I’ve been working through Exercise 15.5 of Regression and Other Stories, which asks to take a logit model and convert it to a probit.
I found when trying to fit models with more than a few predictors, without setting the prior the sampler will fail.
Is there a better default weakly informative prior?
rstanarm version 2.21.1 on Ubuntu-20.04 (via WSL2).
To demonstrate here’s an example where we’re trying to fit a random binomial variable on 5 noise predictors with 1000 data points:
N <- 1000 fake_data <- data.frame(a=rbinom(N,1,0.5), b=rbinom(N,1,0.5), c=rbinom(N,1,0.5), d=rbinom(N,1,0.5), e=rbinom(N,1,0.5), y=rbinom(N,1,0.5)) fit <- rstanarm::stan_glm(y ~ a + b + c + d + e, family=binomial(link="probit"), data=fake_data)
Most of the time running this I will get an error like:
SAMPLING FOR MODEL 'bernoulli' NOW (CHAIN 1). Chain 1: Rejecting initial value: Chain 1: Log probability evaluates to log(0), i.e. negative infinity. Chain 1: Stan can't start sampling from this initial value. ... Chain 1: Chain 1: Initialization between (-2, 2) failed after 100 attempts.

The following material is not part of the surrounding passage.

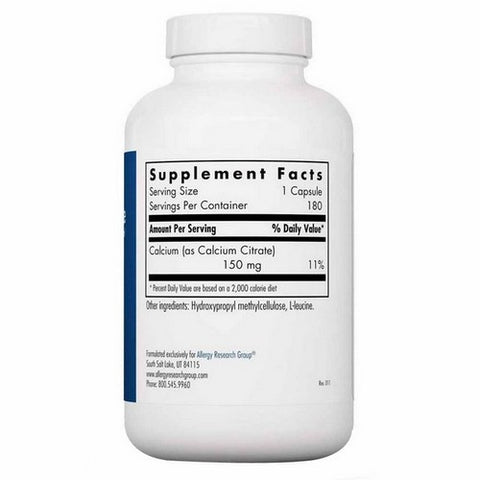 Nutricology/ Allergy Research Group, Calcium Citrate Pure Well-Absorbed Calcium, 180 Veg Caps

Chain 1: Try specifying initial values, reducing ranges of constrained values, or reparameterizing the model.  "Error in sampler$call_sampler(args_list[[i]]) : Initialization failed." error occurred during calling the sampler; sampling not done Error in check_stanfit(stanfit) : Invalid stanfit object produced please report bug
It seems that the more predictors there are the more likely this is to happen.
I haven’t come across this problem when working with logistic regression (using a “logit” link function in the above).
One way I can work around this is by setting a flat prior, which seems to converge.
fit <- rstanarm::stan_glm(y ~ a + b + c + d + e, family=binomial(link="probit"), prior=NULL, data=fake_data)
Another way to get it to converge is by setting a slightly tighter prior (which gives very similar estimates):
fit <- rstanarm::stan_glm(y ~ a + b + c + d + e, family=binomial(link="probit"), prior=rstanarm::normal(scale=1, autoscale=TRUE), data=fake_data)
I don’t understand how Stan works, but I’m guessing as we add more predictors there’s a greater chance of getting one that is far from it’s actual value (in this case 0).
I suspect because the probabilities in the normal distribution go to zero much faster than in the logistic distribution, this leads to numerical errors in
link="probit" that don’t occur in
Is there a better heuristic for a weakly informative prior for probit regression?
I’ve found in an example using
prior=rstanarm::normal(scale=0.5, autoscale=TRUE), seems to work and give similar results to a flat prior, but I don’t know whether that’s a reasonable thing to do in general.